• **Task to carry out**
For the entries below, copy exactly the line that contains "SoCal Magneet (Voorkant)" through the line that contains "MAGNIFIQUE MERCEDES CLA", both ends included, and exclude all pictures.

• **Data to process**
┌────────

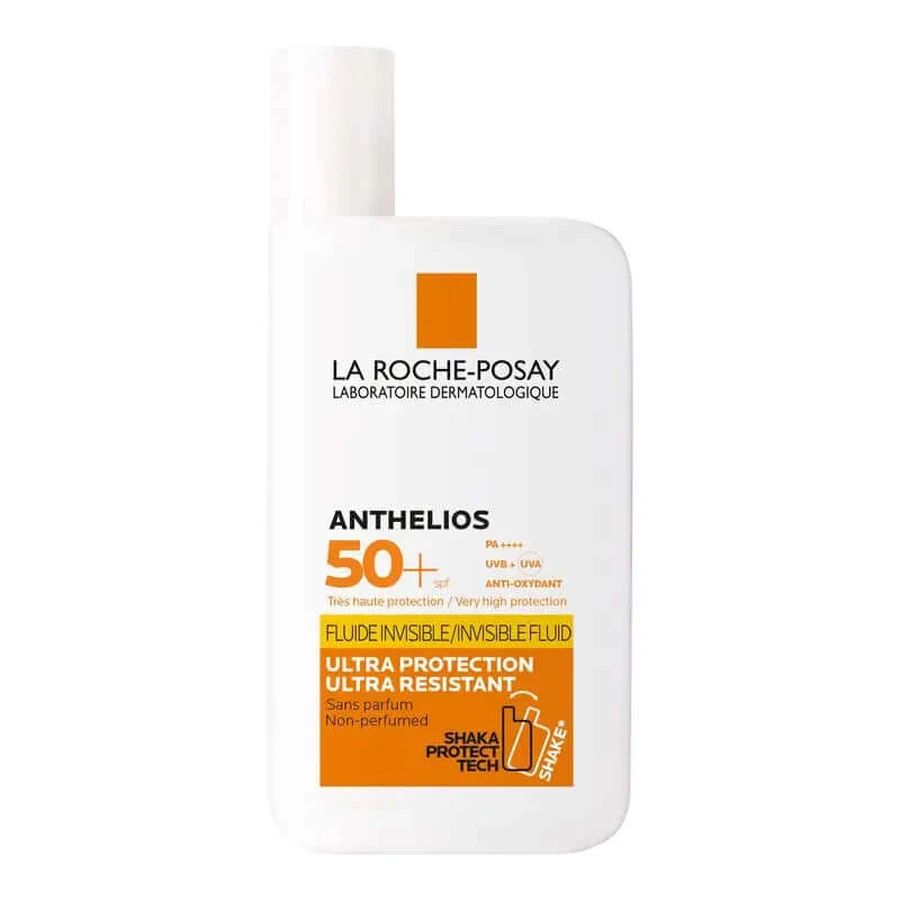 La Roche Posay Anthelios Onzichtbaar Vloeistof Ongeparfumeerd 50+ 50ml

└────────
┌────────

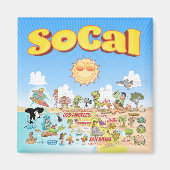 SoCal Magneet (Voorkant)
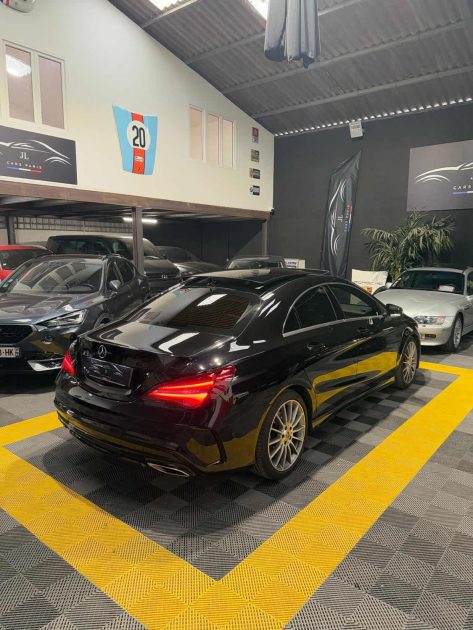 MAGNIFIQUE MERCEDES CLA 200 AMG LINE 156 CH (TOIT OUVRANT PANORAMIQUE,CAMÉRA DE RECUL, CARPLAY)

└────────

• **Output for this exercise**
 SoCal Magneet (Voorkant)
 MAGNIFIQUE MERCEDES CLA 200 AMG LINE 156 CH (TOIT OUVRANT PANORAMIQUE,CAMÉRA DE RECUL, CARPLAY)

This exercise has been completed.